GABRIEL ALBIAC
A lo largo de la noche del 29 al 30 de julio de 1934, los Escuadrones de Seguridad (SS) del NSDAP alemán, con el apoyo del ejército y la policía secreta, exterminaron a las Secciones de Asalto (SA) del NSDAP alemán. Los ejecutores cumplían orden directa de Adolf Hitler. Los ejecutados murieron entonando la wagneriana elegía de su más crepuscular Heil Hitler. El proyecto genocida de los ejecutados era idéntico al proyecto genocida que acabarían por hacer triunfar los ejecutores. Asesinos en serie asesinaban a asesinos en serie. Hubiera podido suceder al revés.
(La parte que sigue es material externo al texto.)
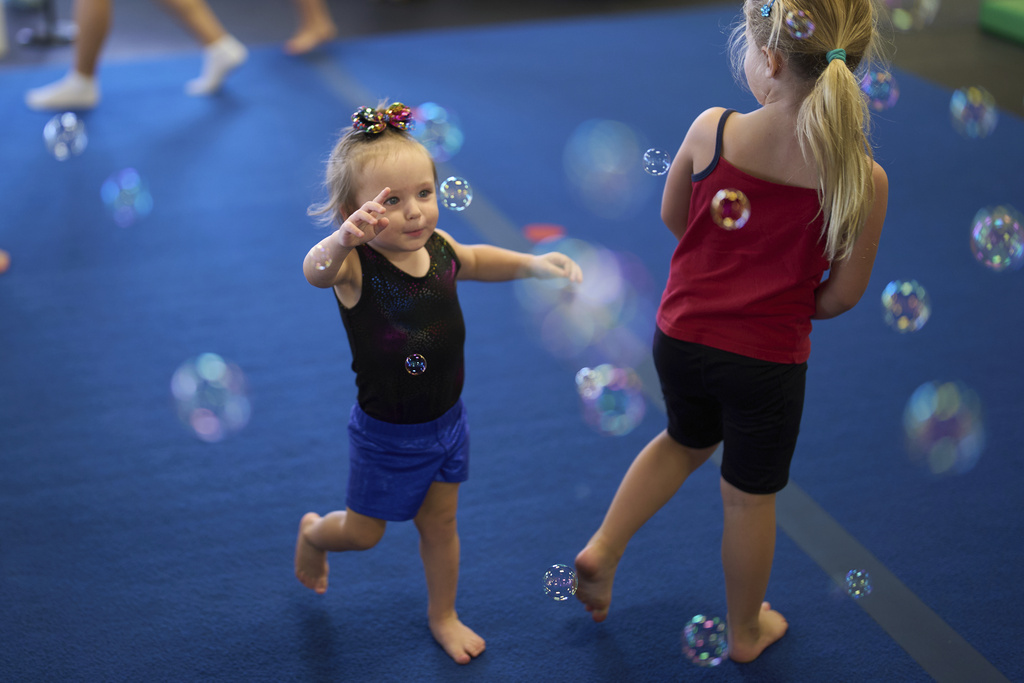 Brooklyn Marris, left, chases bubbles at the end of a gymnastics class in Winchester, Calif., on Thursday, Sept. 18, 2025. (AP Photo/Gregory Bull)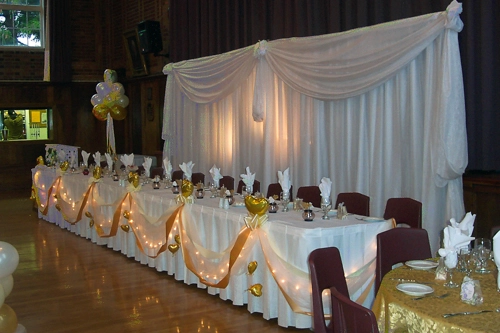 wedding head table with organza backdrop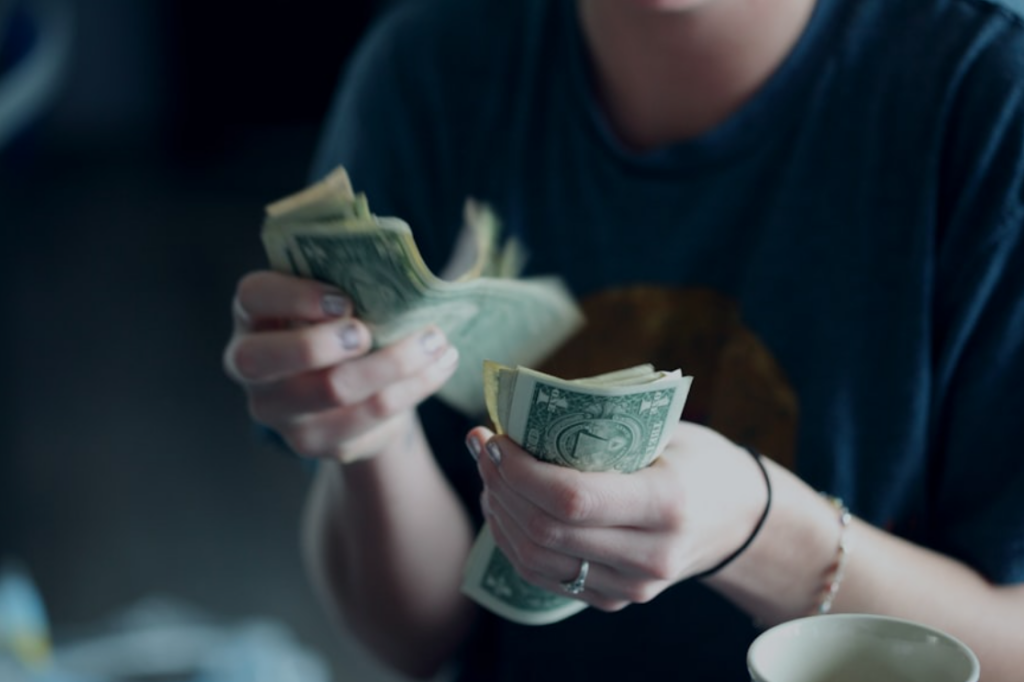 A close-up shot of a woman counting dollar banknotes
Y hubiera sido lo mismo.
El 2 de enero de 2016, o sea anteayer, el rey de Arabia Saudita y “guardián de los santos lugares” procedió a ejecutar a 47 opositores, entre los cuales se incluía al jeque Nimr Baqr Al-Nimr, jefe espiritual del chiismo saudí. Unos fueron decapitados, fusilados los otros: es todo cuanto sabemos. Al joven sobrino de Al-Nimr, Alí, le aguarda aún, parece, la ejecución más deshonrosa: crucifixión pública del cuerpo tras su decapitación. Nada sabemos del juicio. Fue estrictamente secreto. Técnicamente hablando, un asesinato judicial: lo más normal para una teocracia. Tan islamista es el monarca Abdulaziz cuanto lo es el jeque Al-Nimr. Al mismo Alá invocan ejecutores y ejecutados. Hubiera podido suceder al revés. Y hubiera sido lo mismo.
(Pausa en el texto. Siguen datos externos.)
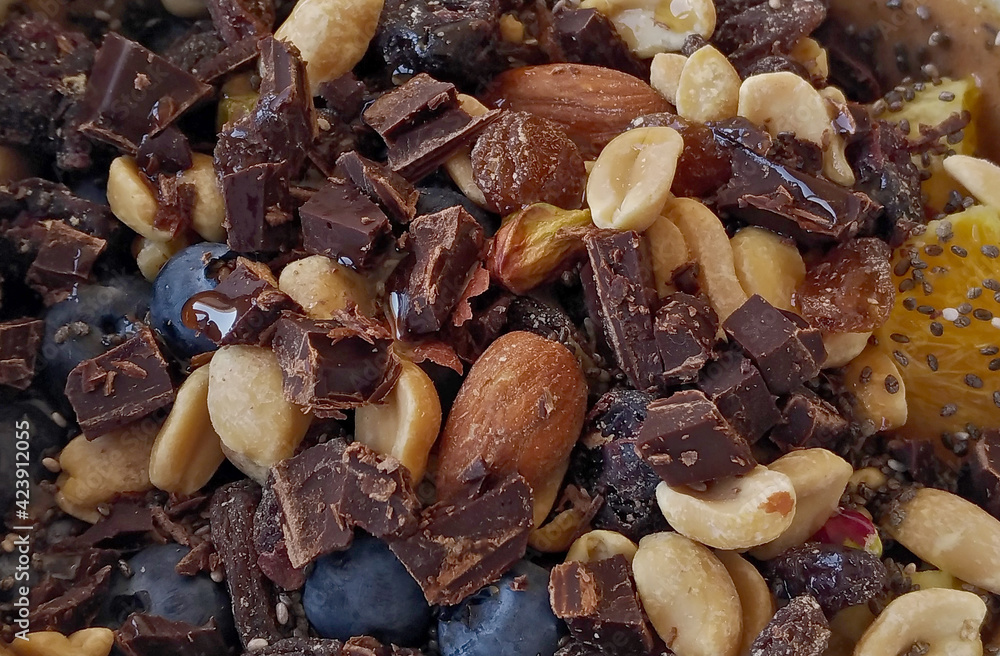 Smoothie bowl with chocolate nuts and fruits Smoothie bowl with chocolate nuts and fruits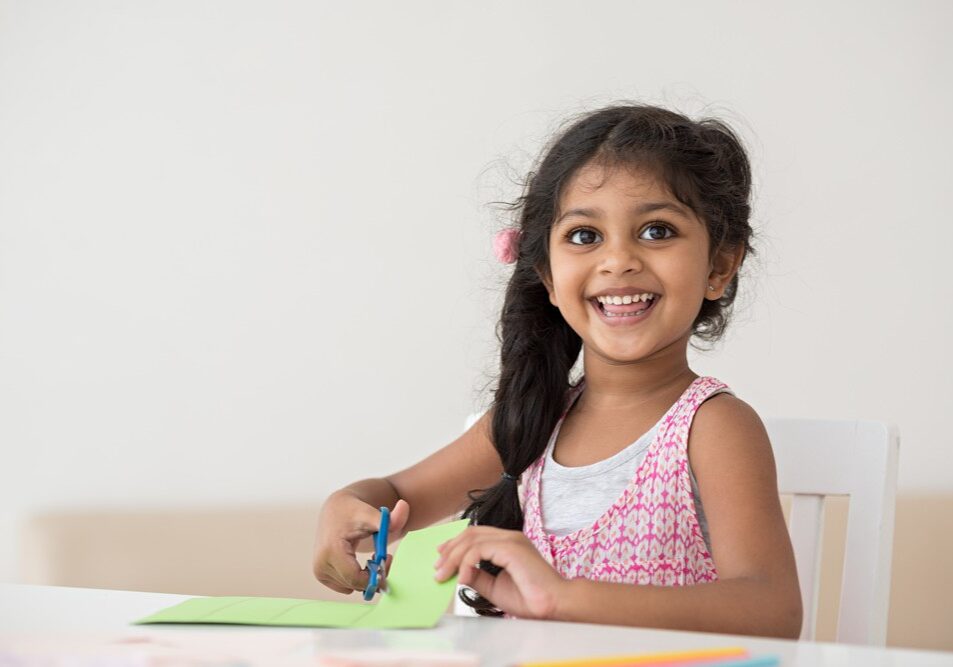 a young girl cutting a piece of paper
Un ingenuo angelismo nos empuja, demasiado consoladoramente, a suponer que aquellos contra los cuales luchan los malvados tienen por fuerza que ser buena gente. No hay disparate mejor intencionado. Ni más falso. Ni de más alto peligro en política. Röhm era tan perverso como Hitler. Los yihadistas chiíes, bajo disciplina iraní, lo son tanto como los yihadistas suníes, bajo obediencia saudí. Ver a los matarifes cruzar armas requiere una milimetrada sangre fría: pésimo mata a pésimo; y la partida continúa. Blindémonos frente a ella. Es lo único sensato.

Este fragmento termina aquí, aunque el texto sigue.